Christopher Boerner : Sure. Thanks for the question, Geoff. This is Chris. I’ll take it. So first, we’re very happy with the performance Sotyktu. It’s obviously early days, but as is reflected in the remarks that David just had the reception for the product has been very, very good. The feedback that we’re getting on the profile coming from customers is good. We now have over 2,000 scripts. As of the end of November our market share for the oral market in moderate-to-severe psoriasis is roughly 35% for new products. And it’s roughly 12% if you look at the overall market, and that’s just after two full months of launch. So very happy with what we’re seeing in terms of the momentum coming out of Q4. And as it relates to whether we can accelerate the access position, I think the way we would characterize it is the base case continues to be 2024 for moving into a better access position.
That said, we’re doing everything we can to possibly accelerate that. We’re obviously having good discussions with payers. And the strategy that we have for potentially accelerating that remains unchanged, which is continue to drive demand as quickly as possible for this product. And the good news is we have the profile, and we’re seeing the feedback from customers that we think will enable us to do that. As for the impact of biosimilars, obviously, this is a dynamic environment. You’ve seen a number of movements just in the last few weeks. What I would say is that our approach to gaining access really doesn’t evolve based on what we know about biosimilars. We think 2023 is going to be a transition year for biosimilars. Clearly, the strategies of companies and PBMs will continue to evolve.
So it’s something we’ll stay on top of. But as we said right now, certainly, the strategy that we have for Sotyktu doesn’t change.

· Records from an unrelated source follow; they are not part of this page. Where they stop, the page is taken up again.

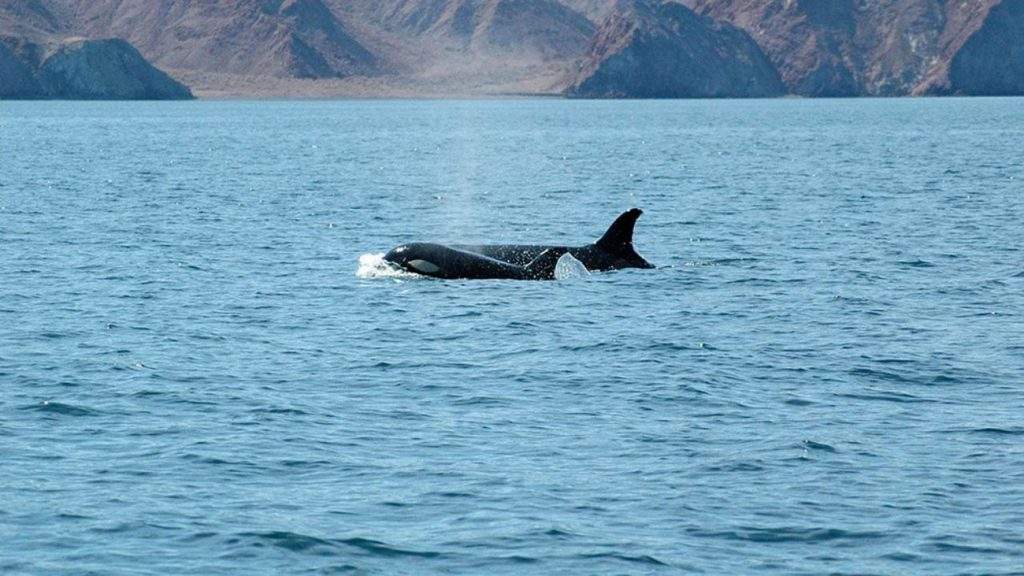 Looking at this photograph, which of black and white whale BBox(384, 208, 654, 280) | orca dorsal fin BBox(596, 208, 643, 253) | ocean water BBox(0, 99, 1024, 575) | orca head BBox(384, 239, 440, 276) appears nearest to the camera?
ocean water BBox(0, 99, 1024, 575)

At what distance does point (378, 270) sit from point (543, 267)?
14.9 ft

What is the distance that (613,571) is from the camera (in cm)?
1650

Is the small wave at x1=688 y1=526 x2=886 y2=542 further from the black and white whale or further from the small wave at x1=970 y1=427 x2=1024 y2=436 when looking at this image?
the black and white whale

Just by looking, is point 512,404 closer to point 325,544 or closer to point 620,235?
point 325,544

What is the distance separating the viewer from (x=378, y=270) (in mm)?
40969

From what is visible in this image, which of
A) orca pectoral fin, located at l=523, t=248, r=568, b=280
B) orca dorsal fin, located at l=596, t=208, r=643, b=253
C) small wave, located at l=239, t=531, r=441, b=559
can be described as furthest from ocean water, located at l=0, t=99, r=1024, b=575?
orca dorsal fin, located at l=596, t=208, r=643, b=253

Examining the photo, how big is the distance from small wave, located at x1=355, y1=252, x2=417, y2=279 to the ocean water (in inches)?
5.9

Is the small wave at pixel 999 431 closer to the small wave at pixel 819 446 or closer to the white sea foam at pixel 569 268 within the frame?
the small wave at pixel 819 446

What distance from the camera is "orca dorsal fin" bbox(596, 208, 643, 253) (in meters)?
40.0

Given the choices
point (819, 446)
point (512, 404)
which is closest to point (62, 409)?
point (512, 404)

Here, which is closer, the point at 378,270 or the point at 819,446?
the point at 819,446

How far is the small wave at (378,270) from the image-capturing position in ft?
131

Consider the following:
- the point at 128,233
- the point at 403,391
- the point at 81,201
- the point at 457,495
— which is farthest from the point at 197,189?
the point at 457,495

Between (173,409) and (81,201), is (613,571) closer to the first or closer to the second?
(173,409) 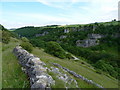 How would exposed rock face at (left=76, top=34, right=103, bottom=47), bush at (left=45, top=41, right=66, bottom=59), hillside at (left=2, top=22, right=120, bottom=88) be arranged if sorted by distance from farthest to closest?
exposed rock face at (left=76, top=34, right=103, bottom=47) < bush at (left=45, top=41, right=66, bottom=59) < hillside at (left=2, top=22, right=120, bottom=88)

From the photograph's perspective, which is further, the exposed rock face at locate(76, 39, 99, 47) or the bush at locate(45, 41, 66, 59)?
the exposed rock face at locate(76, 39, 99, 47)

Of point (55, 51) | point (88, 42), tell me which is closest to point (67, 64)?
point (55, 51)

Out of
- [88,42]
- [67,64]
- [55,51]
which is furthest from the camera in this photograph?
[88,42]

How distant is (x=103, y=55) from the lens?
92.2m

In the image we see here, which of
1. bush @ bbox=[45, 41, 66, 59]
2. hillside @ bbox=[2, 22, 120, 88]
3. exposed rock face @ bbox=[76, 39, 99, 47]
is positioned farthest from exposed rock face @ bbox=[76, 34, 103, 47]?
bush @ bbox=[45, 41, 66, 59]

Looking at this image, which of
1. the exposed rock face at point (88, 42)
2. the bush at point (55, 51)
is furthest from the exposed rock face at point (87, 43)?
the bush at point (55, 51)

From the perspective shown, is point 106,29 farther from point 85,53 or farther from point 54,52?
point 54,52

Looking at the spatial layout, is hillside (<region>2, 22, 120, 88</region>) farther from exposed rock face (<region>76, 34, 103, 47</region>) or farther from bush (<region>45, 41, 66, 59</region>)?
exposed rock face (<region>76, 34, 103, 47</region>)

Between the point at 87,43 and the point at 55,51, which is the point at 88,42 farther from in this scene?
the point at 55,51

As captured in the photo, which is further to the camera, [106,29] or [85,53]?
[106,29]

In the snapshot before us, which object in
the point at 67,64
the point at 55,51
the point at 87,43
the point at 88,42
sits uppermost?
the point at 55,51

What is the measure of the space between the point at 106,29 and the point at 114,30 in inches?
421

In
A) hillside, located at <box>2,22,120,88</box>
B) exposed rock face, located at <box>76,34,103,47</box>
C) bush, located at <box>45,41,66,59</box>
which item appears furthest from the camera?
exposed rock face, located at <box>76,34,103,47</box>

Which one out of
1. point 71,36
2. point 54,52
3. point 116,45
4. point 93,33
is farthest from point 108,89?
point 71,36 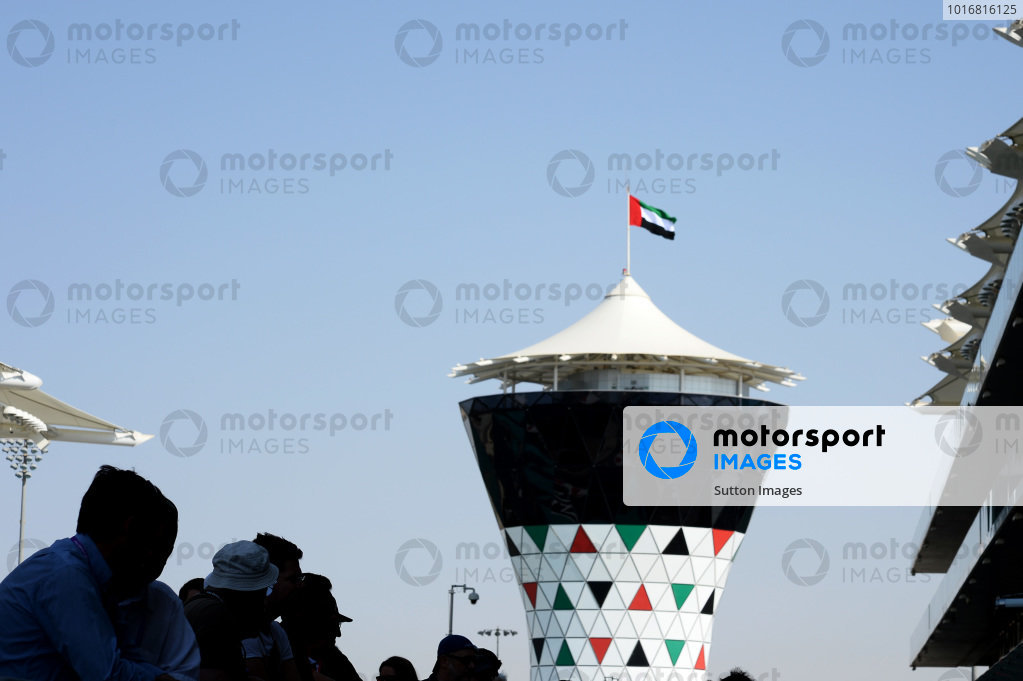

Operator: The next question is from the line of Chris Shibutani with Goldman Sachs.
Chris Shibutani : With Camzyos, that progress of rolling that out, you have previously talked about the different mix of centers of excellence, and you gave us a patient number. Can you give us a sense for what the relative distribution is of those larger centers versus perhaps maybe smaller practices? Are you seeing momentum with the setup of certifications and essentially the patient flow that you are hoping for at the pace so far?
Christopher Boerner : Sure. Thanks for the question, Chris. We’re seeing a nice acceleration of both patient and physician dynamics for Camzyos. As I think David mentioned, we now have over 1,800 patients who have been prescribed. Importantly, we’re seeing good and increasing conversion of those scripts to commercial drug. You may recall that in the third quarter, we talked about 30% of scripts that converted over to commercial drug. In Q4, that was 50%. So we’re gaining momentum there. And the feedback that we’re getting from the centers of excellence continues to be very strong. And so we’ve seen a nice pickup. And what I would say is that, that pickup has accelerated over the course of the fourth quarter. Recall that we are targeting approximately 500 accounts nationally.